実際ここのところずっと紅茶を飲みながら窓の外を眺める毎日である。ここはカフェか何かとたまに思ってしまうがまぁ仕方ない。
「あ、そうだ、なぁシャルル」
隊長が突然何かを思い出したように僕を呼んだ。
「はいなんでしょう」
僕は隊長の方を向く。
「大分前にさ、今度王宮の会議連れてってやるって言ってたじゃん」
「はい、仰ってました。もう去年のことですね。僕も言われるまで忘れていましたが」
「明日さ、その会議があるんだけどさー、来る?」
「はいっ! 行きます! 連れてってください!」
僕はその場から飛び上がってしまった。ようやく隊長が王宮の会議に連れてってくださるようだ。僕はそもそも王宮に行ったことがないので、王宮に入ることさえも初めてということになる。
「じゃあ、明日行くか。どうせ大したことは起こらんだろうしジャンヌ一人ここに残しておけば大抵なんとかなるだろう」
先輩の扱いがなんか雑な気がするが、いよいよ明日ついに王宮での会議に連れてってもらえるというので僕は舞い上がってしまった。
「ロミュの魔女とかって二つ名がついてるんですからきっと大丈夫ですよ」
僕も大概酷いことを言っていた。これは秘密。
翌朝、僕は前の日の夜にあらかじめアイロンをかけておいた制服に袖を通す。本当は一旦実家に制服を送って丁寧に手入れをしてもらってから王宮に行きたかったのだが、流石に一晩でそもそも実家まで荷物が届かないので、僕は素直に諦めて寮でアイロンがけをして済ませることにした。若干普段から制服のお手入れをもっとちゃんとやっておこうと心に決めて。

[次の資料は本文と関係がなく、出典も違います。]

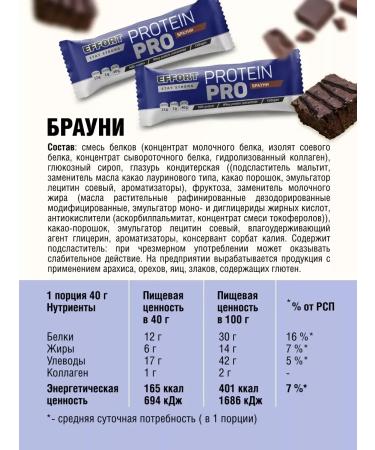 Chocolate protein bush set - Buy Online on GoSupps.com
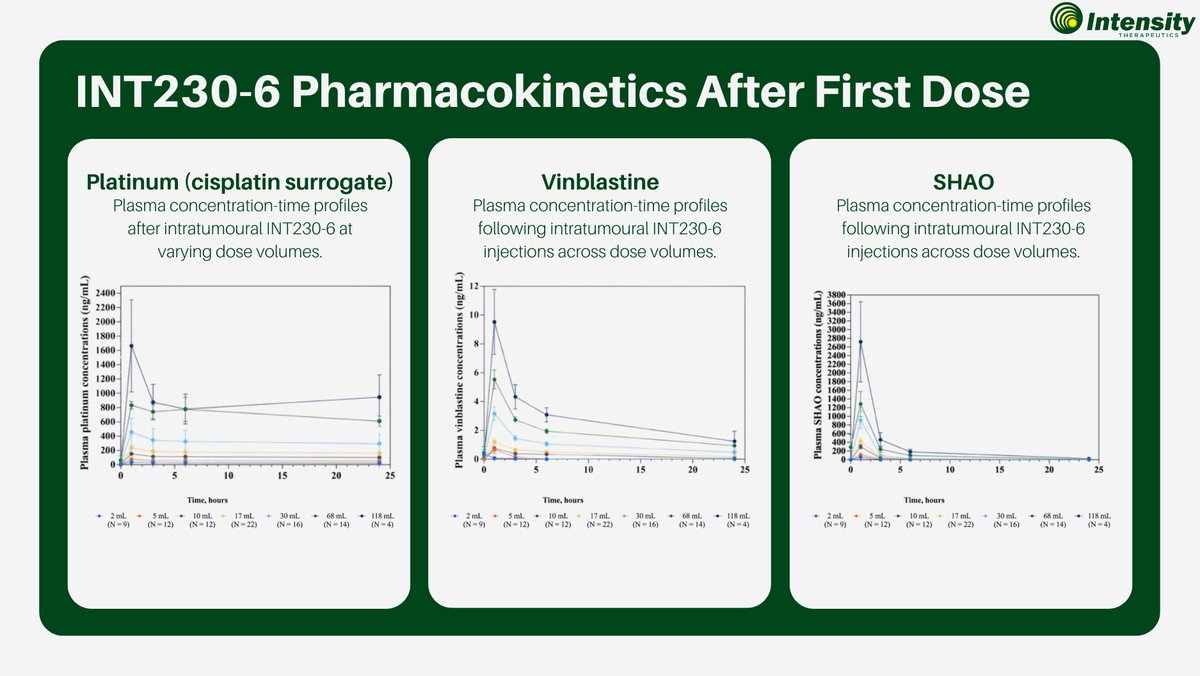 IntensityInc's tweet image. #IntensityTherapeutics’ Phase 1/2 study shows INT230-6 has predictable dose response plasma exposure for cisplatin, vinblastine, and SHAO across dose volumes from 2 to 118 mL, indicating &amp;gt;95% of the active agents remain in the tumor and supporting controlled, consistent delivery…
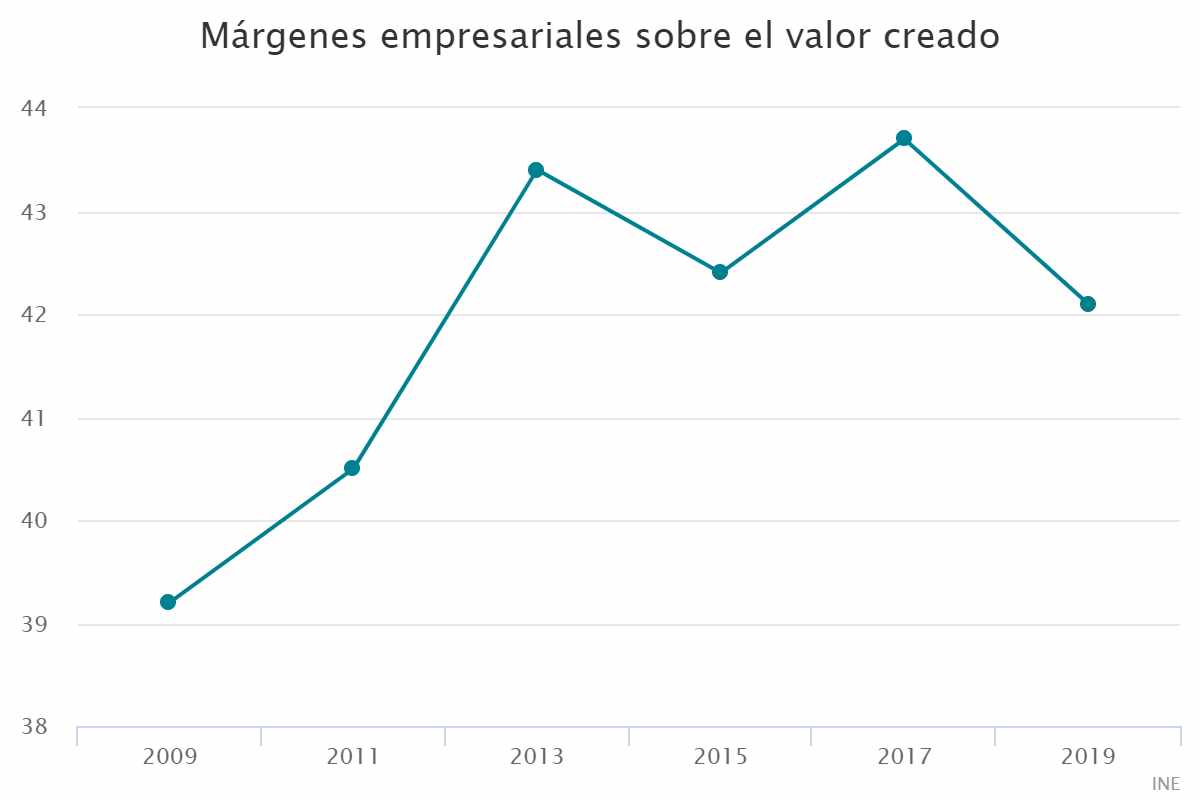 Márgenes empresariales sobre el valor creado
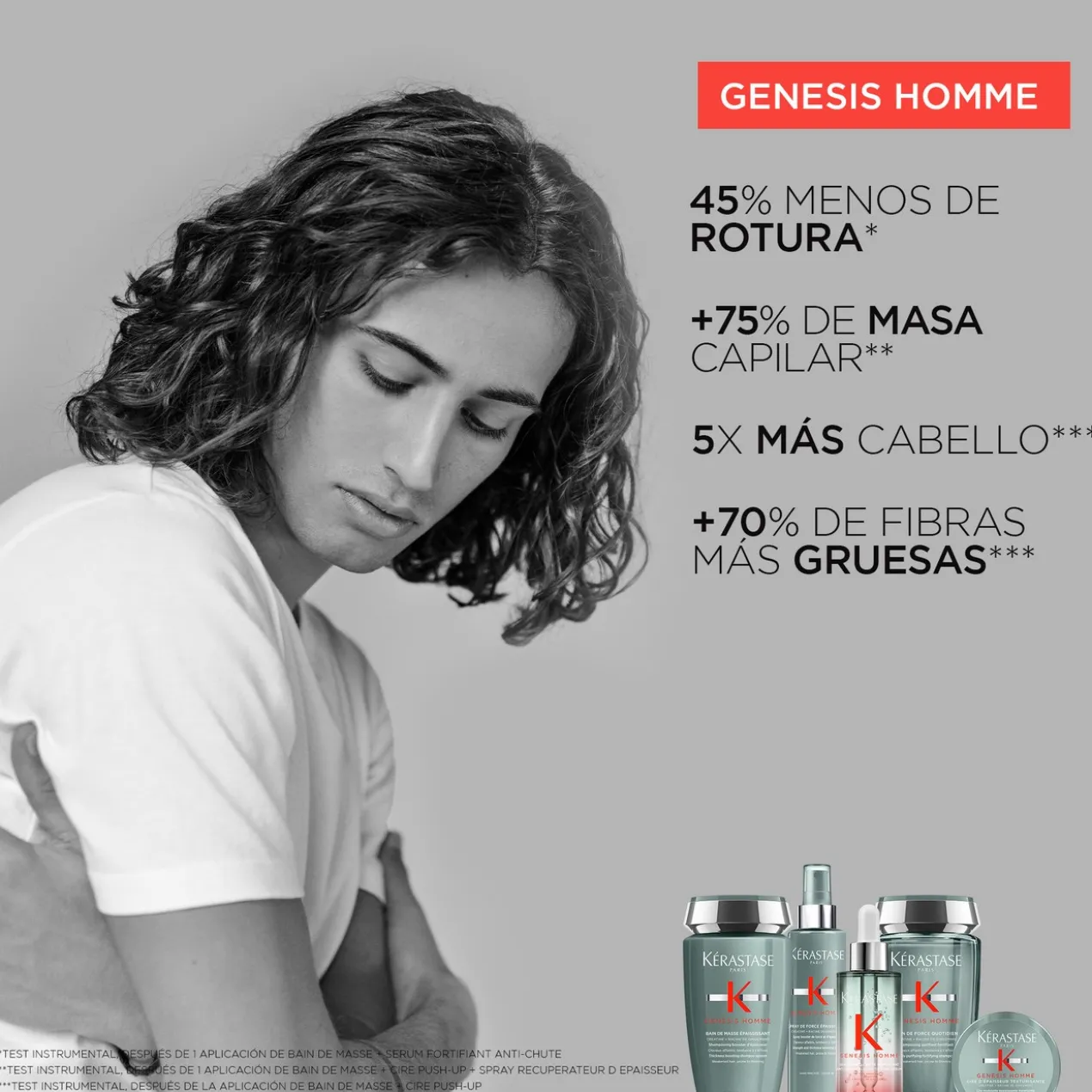 Genesis Homme Sérum Anti-queda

因みに先輩くらいのお家になると王都にも王都に滞在している時用のお屋敷があり、そこにメイドが常駐しているらしい。で、制服とお手入れなんかは王都のお屋敷のメイドに頼んでいるそうだ。
あ、先輩に頼んでお手入れして貰えば良かったかな。多分その手が普通に使えた。これは失敗したか。

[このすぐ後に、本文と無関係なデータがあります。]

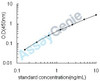 Rat WNT1-inducible-signaling pathway protein 2 (Wisp2) ELISA Kit (RTEB1399)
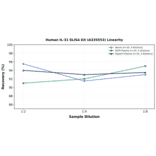 Linearity - Human IL-31 ELISA Kit (A335553) - Antibodies.com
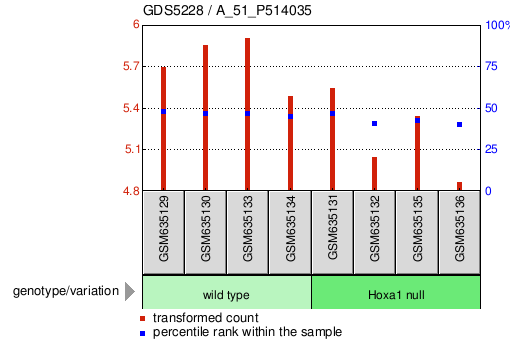 Gene Expression Profile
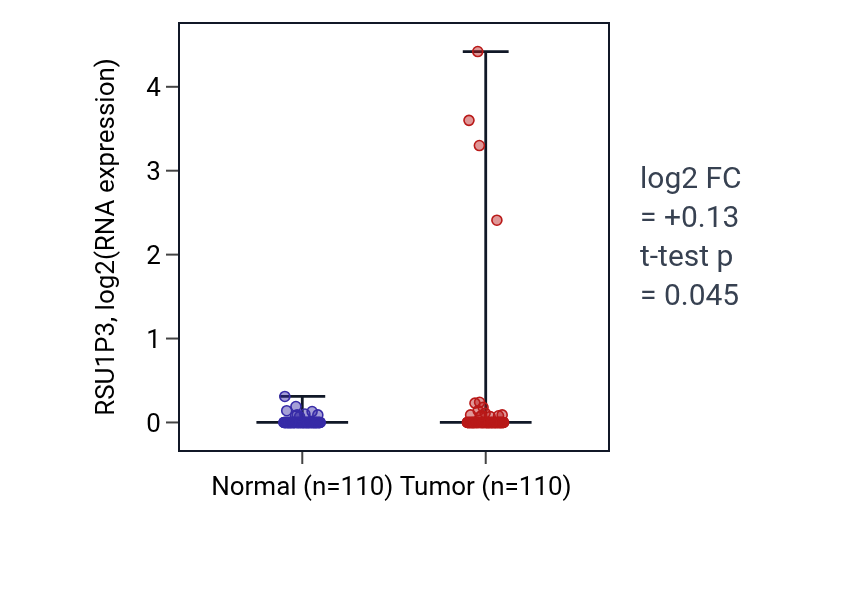 Tumor-vs-normal expression box plot for RSU1P3 in BRCA.
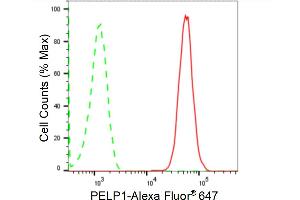 Flow cytometric analysis of PELP1 expression in HAP-1 cells using PELP1 antibody (ABIN7799918), 1:2,000). (Rekombinanter PELP1 Antikörper)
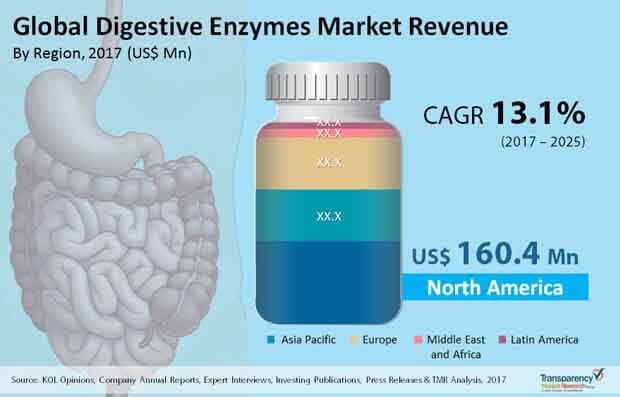 global digestive enzymes market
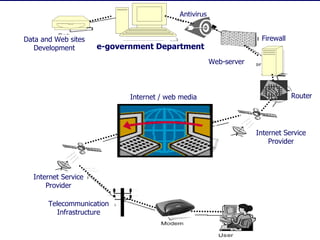 Antivirus


Data and Web sites                                                    Firewall
   Development       e-government Department
                                                        Web-server



                            Internet / web media                                 Router




                                                                     Internet Service
                                 Internet
                                                                         Provider




  Internet Service
      Provider

       Telecommunication
          Infrastructure

                                                         User
 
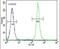 Transmembrane Protein 165 antibody, PA5-25423, Invitrogen Antibodies, Flow Cytometry image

そんなことを考えてからもう一度鏡を見ながら身を整えて、制服にゴミがついていないか確かめる。
うん、多分大丈夫だろう。
僕は寮の自室を出て、階段を降りる。今日はそのまま隊長の運転で王宮に向かうことになっている。
階段で先輩とすれ違う。
「あ、おはようございます先輩」
「おはようシャル君、今日は王宮だっけ?」
「はいそうですねって、先輩?」
先輩が両手で僕の肩を掴んできた。突然一体どうしたのだろうか。少し不安になる。
「シャル君……絶対に帰ってきてね? なんかこう……上手く言葉にして言えないんだけど、うーん、こう……なんか嫌な予感がするというか。虫の居所が悪いっていうのかな? 今日はあまり良くない日のような気がするから……本当に、お願いね? ちゃんと無事に、生きて帰ってきてね?」
先輩がここまで言うとなると、多分本当に悪いことが何か起こるのだろう。昔から先輩は何か占い師のようなものの才能が確かにあった。むしろいわゆる巫女とかシャーマンに近いかも知れないが。
「分かりました。気をつけます」
「シャル君ちゃんと武器は持った?」
「はい、杖と拳銃、あと規定のサーベルも持っていきます」
「うん、じゃあ大丈夫だね、合格。あ、あとまだ糸くずついてるよ?」
そう言って先輩は僕の背中に手を伸ばした。
「ありがとうございます。行ってきます」
「うん、行ってらっしゃい」
先輩は階段を上がって行き、僕は階段を降りて行った。